Bradford Lit Fest: Hopes and Fears



It's day two, and I have considerably less energy than yesterday.  Still, I manage to drive down the hill and park in the Broadway.  (A considerable acheivement for a nervous driver!)  To do this, I have had to leave partway through a sermon entitled: "Are you in prison?"  The question resonates.

Today, I have my 1-1 Meet the Literary Agent with Kate Nash.  Bizarrely, I find this less helpful than my impromptu chat with Lisa Milton yesterday, as Kate is clearly expecting less experienced writers.  I  feel somewhat dispirited as I eat my jacket potato in Esquires.

I am now pinning considerable hope on the experience of hearing David Olusoga speak to his book, Black and British: A Forgotten History.  I have brought my own copy from home, in the hopes that he will sign it, and maybe allow a selfie.  I do my lipstick, just in case.  

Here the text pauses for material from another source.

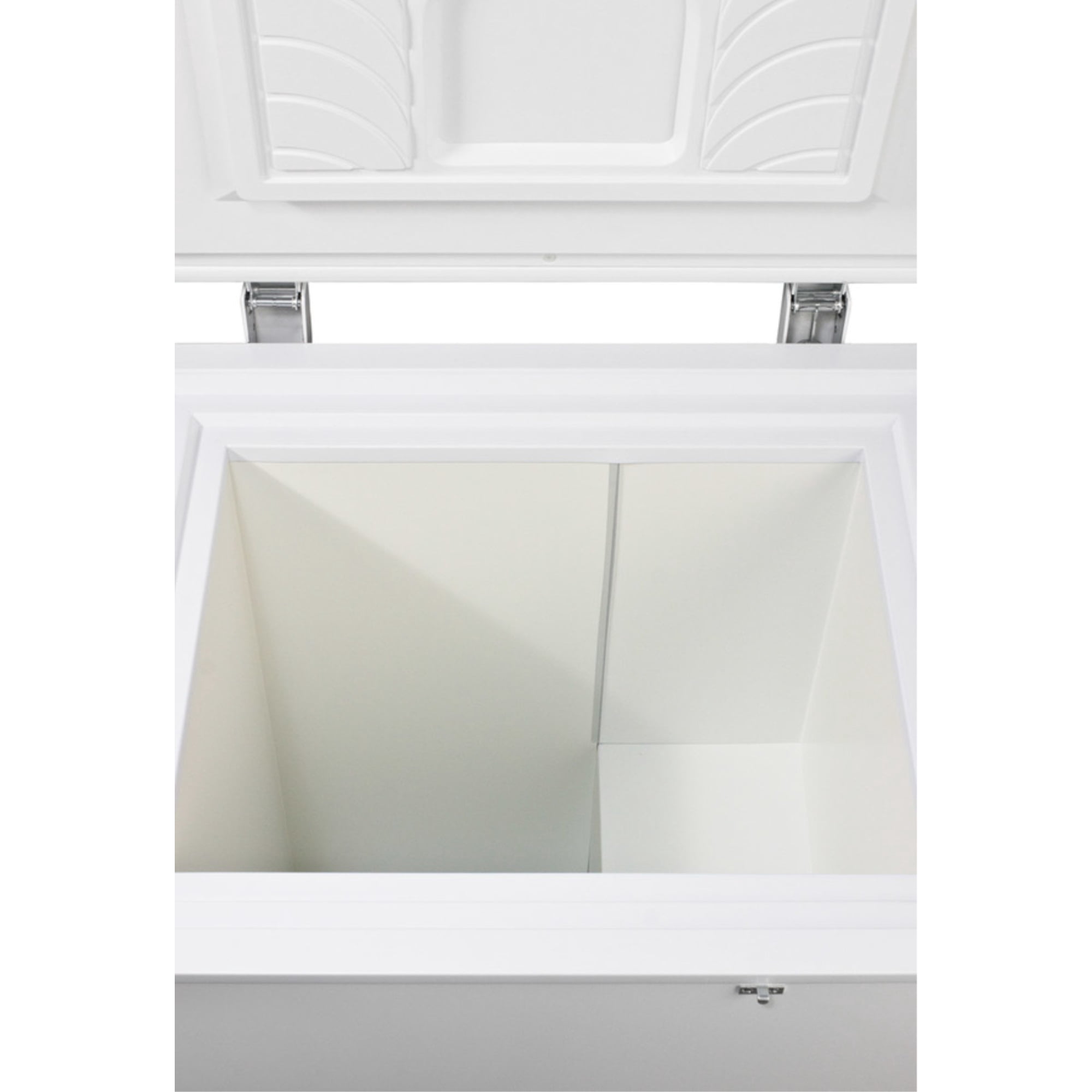 -45 C capable laboratory chest freezer with digital thermostat and 4.8 cu.ft. capacity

Mercifully, David does not disappoint.  I am completely starstruck as he talks through themes and issues from the book, the most important of which is that Black History IS British History.  An impassioned Q&A follows, in a council chamber that has doubtless seen a fair few impassioned debates in its time.  I get my book signed AND a selfie, and am able to tell David that I have written a short story about Henry "Box" Brown (that's just won second prize in the Swanwick competition).  Happy, happy, happy!

My final event (before I collapse) is Why Do We Like to Be Scared?  I'm not entirely sure that I do like to be scared, and I'm really only attending in the hopes of talking to Anne Perry.  It turns out to be an informal panel chat on the role of fear in literature.  The panel discuss how one person's "fun scary" is another person's disturbing fear, and vice versa.  Our fear of not being in control.  And how our relationship with horror changes throughout our lives.

Afterwards, I shake hands with Anne, who I have only previously met through email.  Job done.  I'm ready to go home and have my tea.  It's been an action-packed weekend.  Time to rest.